December 2, 2006

Day 2 - Skates!



Hello all. I was slowed down this morning by a publishing glitch, but hope I am back in business now. Thanks for the feedback on the launch of the Garden, its great to hear from all of you. In fact, Meg's comment about skating inspired today's theme.

With this print, I was trying to evoke the ice skates of my youth. White, high-button-boot-looking hand-me-downs. I think we had skates of various sizes in the attic, and we'd just work our way up the sizes as we grew. I am the youngest sibling in my family (and the youngest cousin), and my skates were floppy and creased with use by the time I got to them. (In fact, some of them probably belonged to Meg at some point in their history.)


I read that you could use sculpey (or fimo -- a plastic modeling material) to make prints, so I decided to give it a try. I ended up making two prints, one with baked sculpey, and one with unbaked, still-malleable sculpey. This patty of sculpey is about half a centimeter thick. I added a little texture with the sandpaper and the crinkly plastic wrapper, hoping the crinkles would suggest the creases of broken-in skates. If I were doing this again, I would probably skip that step for the baked sculpey. It made the surface uneven and harder to pull a print from.

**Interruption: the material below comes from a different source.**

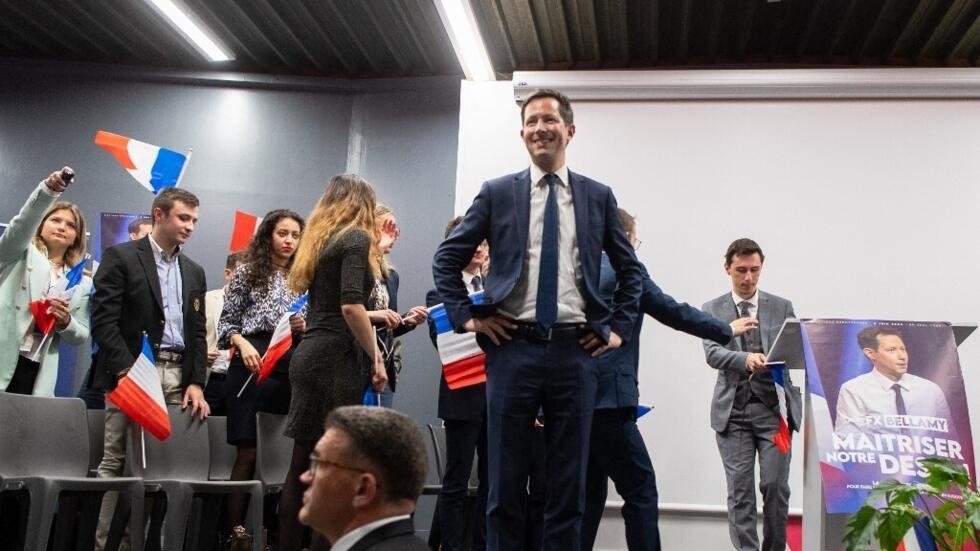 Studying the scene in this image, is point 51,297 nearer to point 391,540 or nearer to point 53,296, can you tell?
point 53,296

This is a two-color reduction print. Here is the block after the first carving, and the first color printed. I continued carving the block before printing the second color (that's the "reduction" part). The completed print is pictured at the top of the post.


Next up in the test kitchen: unbaked sculpey. Now this was fun. After rolling out another little patty, I cheated a little and poked holes through a photo of the little skater to sort of make a dotted line around the figure. Then I went back in with a pointy implement and drew the lines freehand, just indenting the "clay" with the point. I added the pebbly texture to the sweater with sandpaper (see final print below).


To sum up, while the baked sculpey did carve well, with my venerable speedball linocut tools, it required a lot of rubbing to get a decent print, and it was very picky about what kind of paper was used. On the plus side, I ended up with a nice little artifact in the end, my baked printing block with a skate carved on it. Heck, I could poke a hole through it, throw some paint on there, and I've got myself an ornament!

I think the soft sculpey printing concept has lots of potential for fun and experimentation, and yields cool effects that kids could acheive just by trial and accident: adding textures, pressing it with cookie cutters, etc. Its quite easy to get a nice print from the surface (although the printing process will deform your "block" to some degree). And though I used water-based block printing ink, other kinds of paints would probably work too. You could probably use this concept with other types of doughs or clays, especially plasticky ones like plasticene. You can even rinse the ink off, ball it up, and start over. I've got some other ideas in mind for this stuff, but I don't want to blow my whole wad on the second day! Its a marathon, people, not a sprint.

If you try some variation on this technique yourself, the test kitchen wants to know how it comes out. Play dough? Model Magic? Finger paint? Let's hear it.